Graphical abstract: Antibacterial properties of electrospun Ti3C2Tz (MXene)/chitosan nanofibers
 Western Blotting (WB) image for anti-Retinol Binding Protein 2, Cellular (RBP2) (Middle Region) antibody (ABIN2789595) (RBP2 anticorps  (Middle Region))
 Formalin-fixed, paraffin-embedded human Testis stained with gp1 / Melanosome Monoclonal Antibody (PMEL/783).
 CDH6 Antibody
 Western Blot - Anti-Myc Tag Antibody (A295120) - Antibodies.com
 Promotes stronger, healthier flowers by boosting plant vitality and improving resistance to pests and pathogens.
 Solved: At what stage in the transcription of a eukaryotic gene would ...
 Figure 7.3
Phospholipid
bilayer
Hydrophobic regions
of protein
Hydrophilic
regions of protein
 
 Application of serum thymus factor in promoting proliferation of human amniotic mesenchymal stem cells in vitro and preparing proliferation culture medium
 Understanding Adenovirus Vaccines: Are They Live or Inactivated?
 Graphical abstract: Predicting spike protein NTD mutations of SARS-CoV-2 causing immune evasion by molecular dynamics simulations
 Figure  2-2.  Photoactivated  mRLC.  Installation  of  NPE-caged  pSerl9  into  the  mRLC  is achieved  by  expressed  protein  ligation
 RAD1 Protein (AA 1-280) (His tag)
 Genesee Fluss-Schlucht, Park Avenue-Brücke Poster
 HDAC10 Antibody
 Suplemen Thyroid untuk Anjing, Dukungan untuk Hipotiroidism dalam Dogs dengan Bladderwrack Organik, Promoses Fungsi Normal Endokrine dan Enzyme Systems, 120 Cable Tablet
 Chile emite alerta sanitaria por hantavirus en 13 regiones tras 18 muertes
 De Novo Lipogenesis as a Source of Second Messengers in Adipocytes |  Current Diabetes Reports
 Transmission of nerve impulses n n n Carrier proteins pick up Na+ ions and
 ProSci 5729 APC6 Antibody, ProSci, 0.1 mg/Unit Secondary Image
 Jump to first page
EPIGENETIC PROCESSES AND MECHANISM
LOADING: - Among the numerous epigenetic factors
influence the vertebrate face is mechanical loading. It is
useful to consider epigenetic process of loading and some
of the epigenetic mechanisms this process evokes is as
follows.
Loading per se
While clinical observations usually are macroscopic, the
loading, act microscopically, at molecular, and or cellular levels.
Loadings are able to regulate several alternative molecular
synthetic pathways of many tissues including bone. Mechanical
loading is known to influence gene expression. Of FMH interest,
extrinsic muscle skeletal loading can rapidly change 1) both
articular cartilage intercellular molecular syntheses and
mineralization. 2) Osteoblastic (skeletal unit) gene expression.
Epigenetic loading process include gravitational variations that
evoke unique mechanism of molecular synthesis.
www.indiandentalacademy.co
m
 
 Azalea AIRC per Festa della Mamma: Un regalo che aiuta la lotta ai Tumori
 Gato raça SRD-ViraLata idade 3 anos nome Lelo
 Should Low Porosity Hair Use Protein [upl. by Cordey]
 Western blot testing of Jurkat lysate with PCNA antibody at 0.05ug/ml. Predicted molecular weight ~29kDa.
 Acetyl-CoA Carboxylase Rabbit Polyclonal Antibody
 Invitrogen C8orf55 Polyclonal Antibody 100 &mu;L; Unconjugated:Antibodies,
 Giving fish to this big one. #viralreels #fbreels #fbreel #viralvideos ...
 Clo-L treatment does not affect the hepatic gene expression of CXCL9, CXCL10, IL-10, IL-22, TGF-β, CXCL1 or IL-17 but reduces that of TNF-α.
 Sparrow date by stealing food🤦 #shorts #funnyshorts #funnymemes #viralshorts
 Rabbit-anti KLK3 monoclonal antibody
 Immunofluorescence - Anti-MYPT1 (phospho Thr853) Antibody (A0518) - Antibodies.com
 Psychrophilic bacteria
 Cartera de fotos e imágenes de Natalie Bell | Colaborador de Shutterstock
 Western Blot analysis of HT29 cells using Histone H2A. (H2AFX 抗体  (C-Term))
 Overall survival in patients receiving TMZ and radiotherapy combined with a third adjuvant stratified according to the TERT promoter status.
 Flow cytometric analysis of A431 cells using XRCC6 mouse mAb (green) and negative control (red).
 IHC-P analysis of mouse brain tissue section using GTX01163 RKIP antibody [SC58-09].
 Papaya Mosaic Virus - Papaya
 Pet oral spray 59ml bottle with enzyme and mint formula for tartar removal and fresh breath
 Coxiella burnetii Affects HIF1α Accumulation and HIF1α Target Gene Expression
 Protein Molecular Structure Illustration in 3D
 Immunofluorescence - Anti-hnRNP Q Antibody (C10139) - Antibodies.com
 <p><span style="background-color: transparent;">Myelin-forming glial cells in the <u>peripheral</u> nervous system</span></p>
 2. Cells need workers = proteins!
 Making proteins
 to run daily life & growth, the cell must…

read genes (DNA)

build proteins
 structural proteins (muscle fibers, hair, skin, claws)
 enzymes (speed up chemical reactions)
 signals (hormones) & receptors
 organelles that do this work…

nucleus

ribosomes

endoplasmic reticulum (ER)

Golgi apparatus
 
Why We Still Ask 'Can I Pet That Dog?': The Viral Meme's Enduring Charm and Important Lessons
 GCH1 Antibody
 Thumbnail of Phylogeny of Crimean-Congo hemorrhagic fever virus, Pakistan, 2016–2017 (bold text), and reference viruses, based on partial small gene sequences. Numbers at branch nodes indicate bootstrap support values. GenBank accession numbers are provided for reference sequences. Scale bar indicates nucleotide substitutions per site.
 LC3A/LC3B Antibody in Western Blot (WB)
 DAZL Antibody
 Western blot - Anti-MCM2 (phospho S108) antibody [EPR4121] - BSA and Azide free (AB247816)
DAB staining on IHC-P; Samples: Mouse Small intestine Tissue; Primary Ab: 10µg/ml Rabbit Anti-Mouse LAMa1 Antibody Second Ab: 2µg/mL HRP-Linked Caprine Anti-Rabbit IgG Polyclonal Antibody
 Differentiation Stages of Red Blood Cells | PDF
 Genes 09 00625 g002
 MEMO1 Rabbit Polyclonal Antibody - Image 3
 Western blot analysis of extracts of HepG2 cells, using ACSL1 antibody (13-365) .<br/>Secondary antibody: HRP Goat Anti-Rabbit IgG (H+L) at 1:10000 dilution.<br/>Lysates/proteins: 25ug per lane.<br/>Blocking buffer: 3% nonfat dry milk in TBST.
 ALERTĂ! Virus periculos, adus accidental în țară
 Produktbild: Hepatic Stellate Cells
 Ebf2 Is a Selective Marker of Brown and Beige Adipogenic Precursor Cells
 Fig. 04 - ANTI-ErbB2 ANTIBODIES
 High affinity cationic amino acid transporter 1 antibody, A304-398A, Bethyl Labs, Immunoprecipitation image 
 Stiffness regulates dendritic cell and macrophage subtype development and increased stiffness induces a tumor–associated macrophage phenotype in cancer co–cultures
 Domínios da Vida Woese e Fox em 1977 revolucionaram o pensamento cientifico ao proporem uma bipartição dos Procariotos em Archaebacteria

PROBLEM - Retype exactly the lines of the data above that fall between the line with "Western blot testing" and the line with "Overall survival in", inclusive, and add nothing.

PROBLEM SOLUTION -
 Western blot testing of Jurkat lysate with PCNA antibody at 0.05ug/ml. Predicted molecular weight ~29kDa.
 Acetyl-CoA Carboxylase Rabbit Polyclonal Antibody
 Invitrogen C8orf55 Polyclonal Antibody 100 &mu;L; Unconjugated:Antibodies,
 Giving fish to this big one. #viralreels #fbreels #fbreel #viralvideos ...
 Clo-L treatment does not affect the hepatic gene expression of CXCL9, CXCL10, IL-10, IL-22, TGF-β, CXCL1 or IL-17 but reduces that of TNF-α.
 Sparrow date by stealing food🤦 #shorts #funnyshorts #funnymemes #viralshorts
 Rabbit-anti KLK3 monoclonal antibody
 Immunofluorescence - Anti-MYPT1 (phospho Thr853) Antibody (A0518) - Antibodies.com
 Psychrophilic bacteria
 Cartera de fotos e imágenes de Natalie Bell | Colaborador de Shutterstock
 Western Blot analysis of HT29 cells using Histone H2A. (H2AFX 抗体  (C-Term))
 Overall survival in patients receiving TMZ and radiotherapy combined with a third adjuvant stratified according to the TERT promoter status.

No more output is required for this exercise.